*** Block opens ***
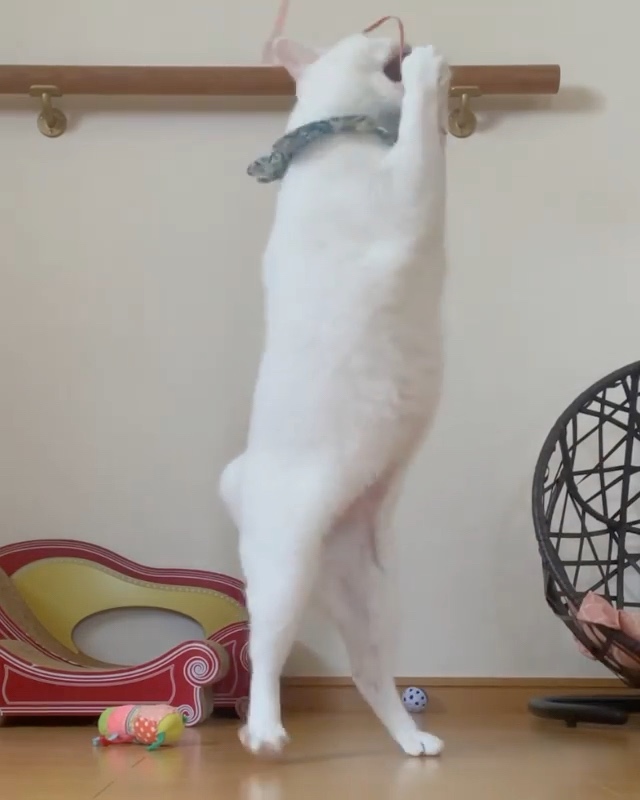 猫　遊ぶ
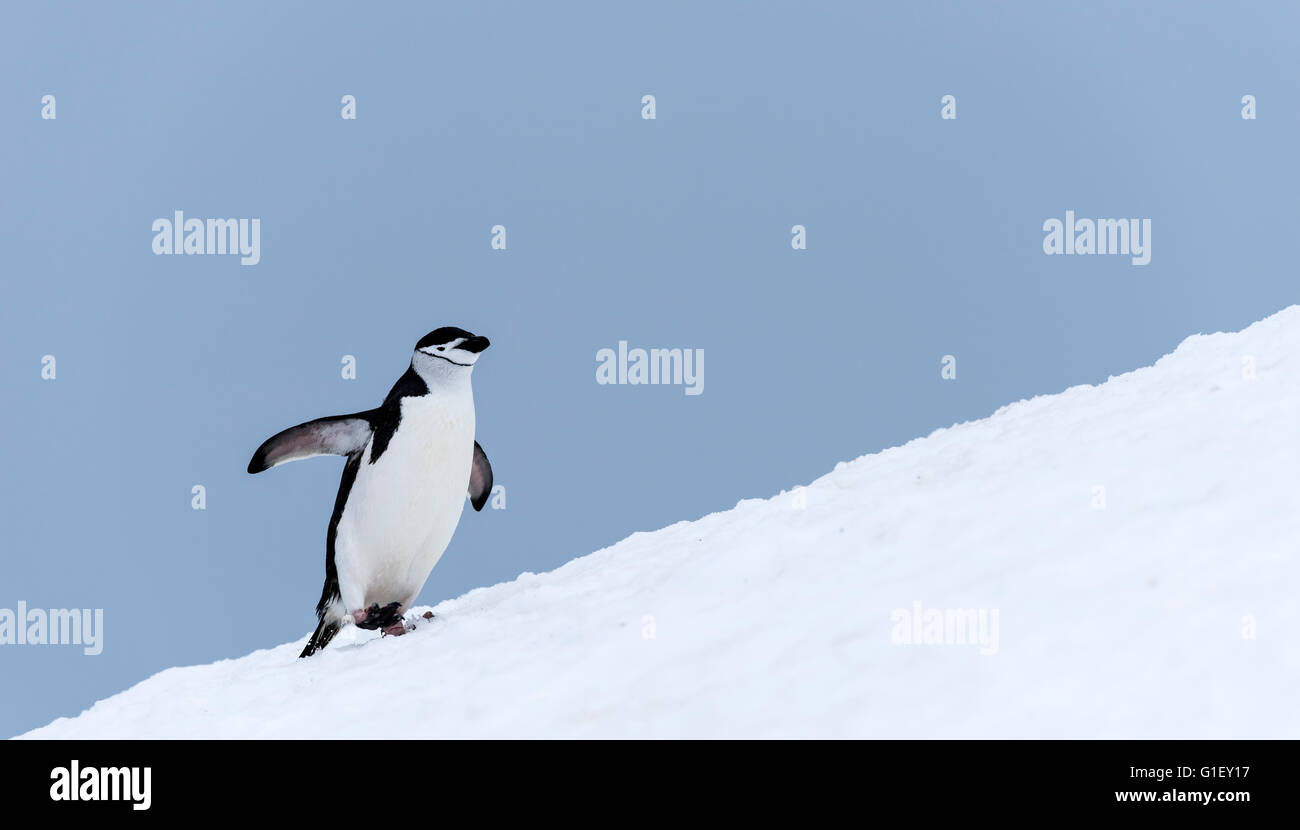 Chinstrap penguin (Pygoscelis antarctica) walking on snow Half Moon island Antarctic Peninsula Antarctica Stock Photo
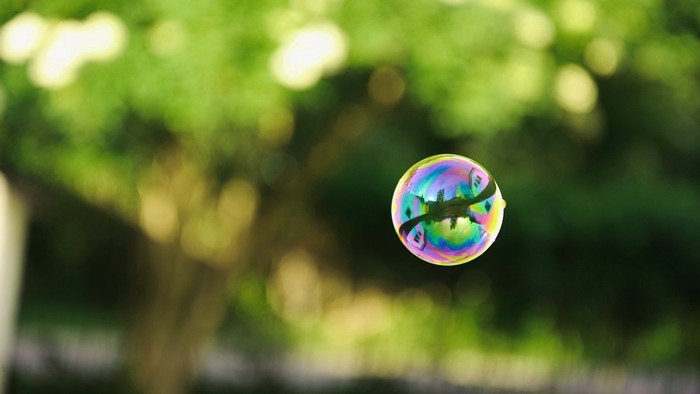 A colorful bubble reflects trees and sky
*** Block closes ***
*Work instructions*: Print out the complete listing above exactly, dropping each image.

*Reply*:
 猫　遊ぶ
 Chinstrap penguin (Pygoscelis antarctica) walking on snow Half Moon island Antarctic Peninsula Antarctica Stock Photo
 A colorful bubble reflects trees and sky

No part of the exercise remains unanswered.